* Required work
From the line with "From a designer..." to the line with "Denim Mouwloos Gilet | Getailleerde Pasvorm", retype each line exactly as it stands in the records below, but skip the pictures.

* Material provided
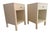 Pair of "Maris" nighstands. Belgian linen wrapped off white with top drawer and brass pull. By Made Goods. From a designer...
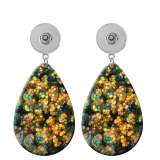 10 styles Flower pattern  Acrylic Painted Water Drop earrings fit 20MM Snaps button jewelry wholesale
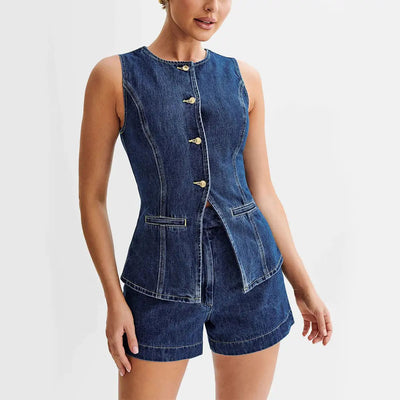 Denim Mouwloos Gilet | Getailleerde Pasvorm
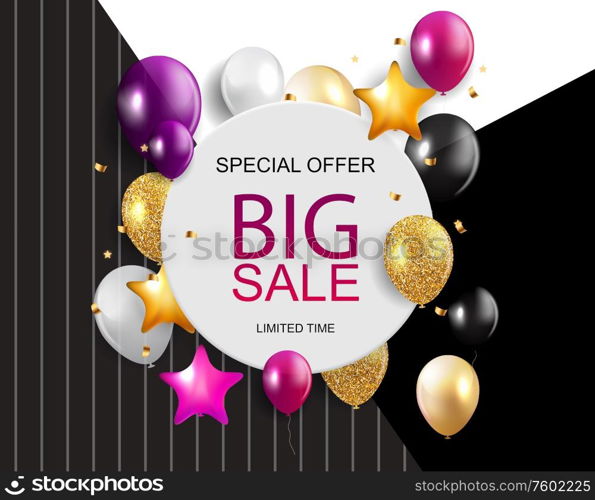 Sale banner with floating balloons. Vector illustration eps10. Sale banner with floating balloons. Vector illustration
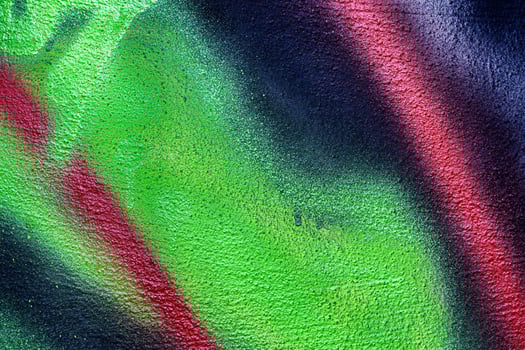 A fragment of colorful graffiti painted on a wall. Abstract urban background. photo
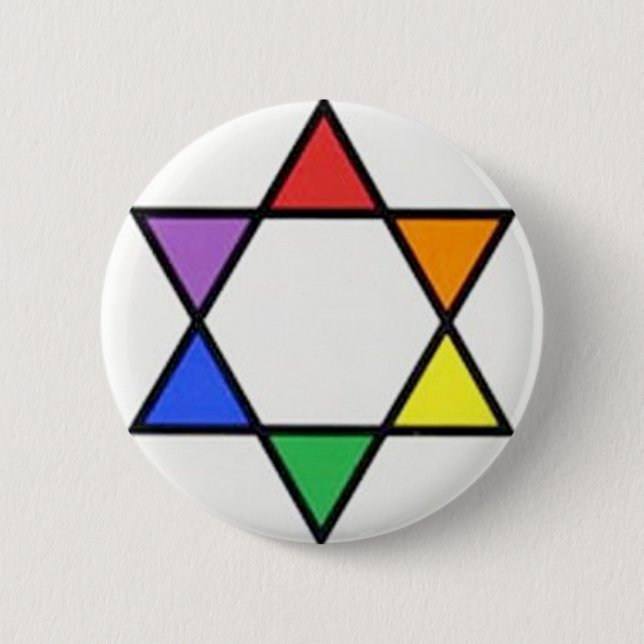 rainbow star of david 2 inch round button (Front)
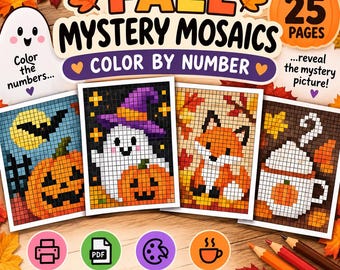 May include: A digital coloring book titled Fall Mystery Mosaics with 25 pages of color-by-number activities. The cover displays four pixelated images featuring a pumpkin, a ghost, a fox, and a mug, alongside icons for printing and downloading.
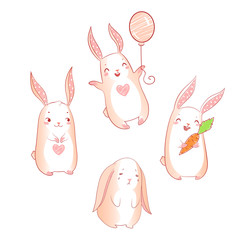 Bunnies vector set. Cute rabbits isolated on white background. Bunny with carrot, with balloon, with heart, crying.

...

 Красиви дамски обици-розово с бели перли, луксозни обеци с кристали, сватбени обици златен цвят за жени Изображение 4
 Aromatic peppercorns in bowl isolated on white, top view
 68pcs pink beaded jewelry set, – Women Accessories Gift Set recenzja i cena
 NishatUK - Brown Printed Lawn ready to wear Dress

* Output below
 Pair of "Maris" nighstands. Belgian linen wrapped off white with top drawer and brass pull. By Made Goods. From a designer...
 10 styles Flower pattern  Acrylic Painted Water Drop earrings fit 20MM Snaps button jewelry wholesale
 Denim Mouwloos Gilet | Getailleerde Pasvorm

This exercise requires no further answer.